(Dataset excerpts)
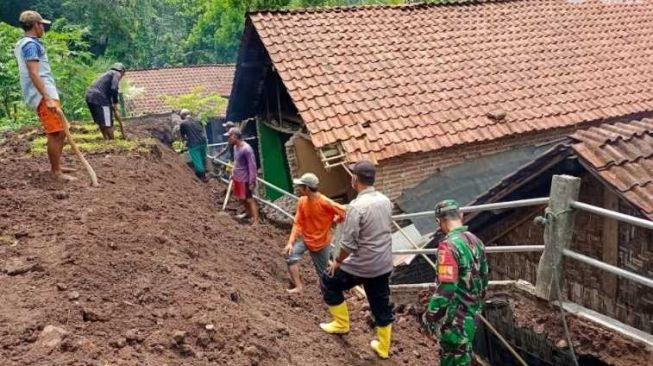 Empat Rumah di Probolinggo Tertimbun Longsoran Tanah Ketika Hujan Deras Kemarin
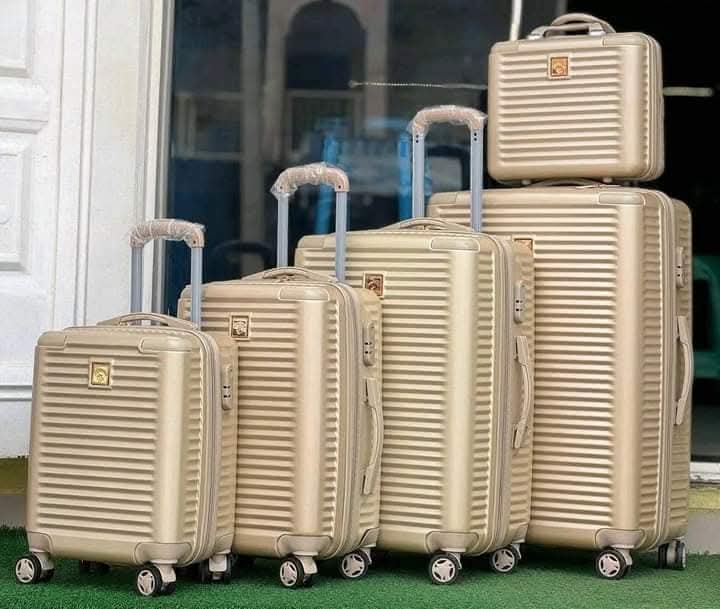 Traveling Boxes (set of 5)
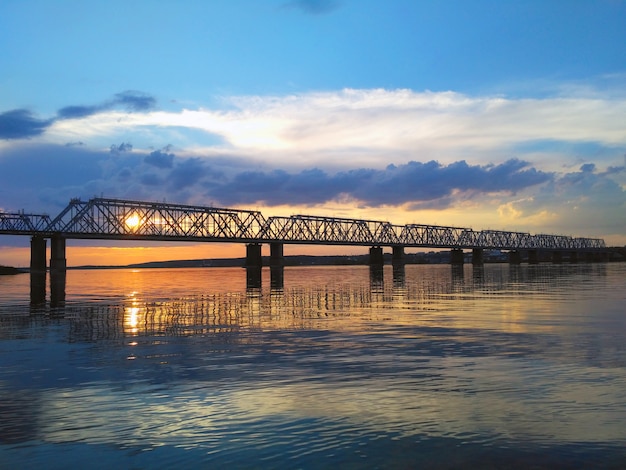 Bela vista aérea da ponte ferroviária sobre o rio Volga ao pôr do sol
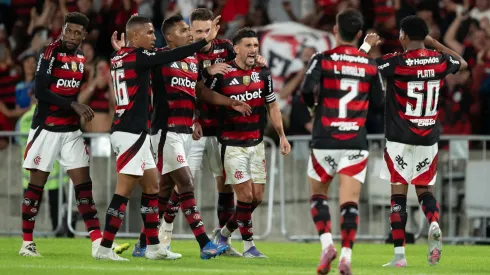 Jogadores do Flamengo comemorando durante a partida contra o Mirassol – Foto: Jorge Rodrigues/AGIF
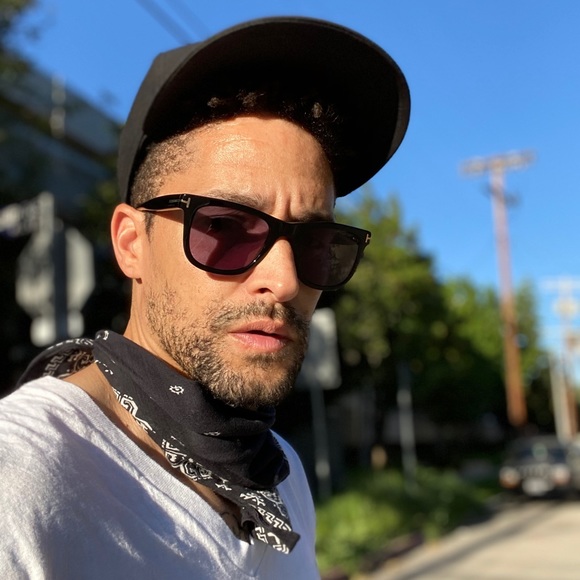 Profile Picture of Corey Mcdonald (@style_manifesto) on Poshmark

* [Task details]
Restate the lines above from the one containing "Traveling Boxes (set of 5)" through the one containing "Jogadores do Flamengo", inclusive, exactly and without pictures.

* [Answer section]
 Traveling Boxes (set of 5)
 Bela vista aérea da ponte ferroviária sobre o rio Volga ao pôr do sol
 Jogadores do Flamengo comemorando durante a partida contra o Mirassol – Foto: Jorge Rodrigues/AGIF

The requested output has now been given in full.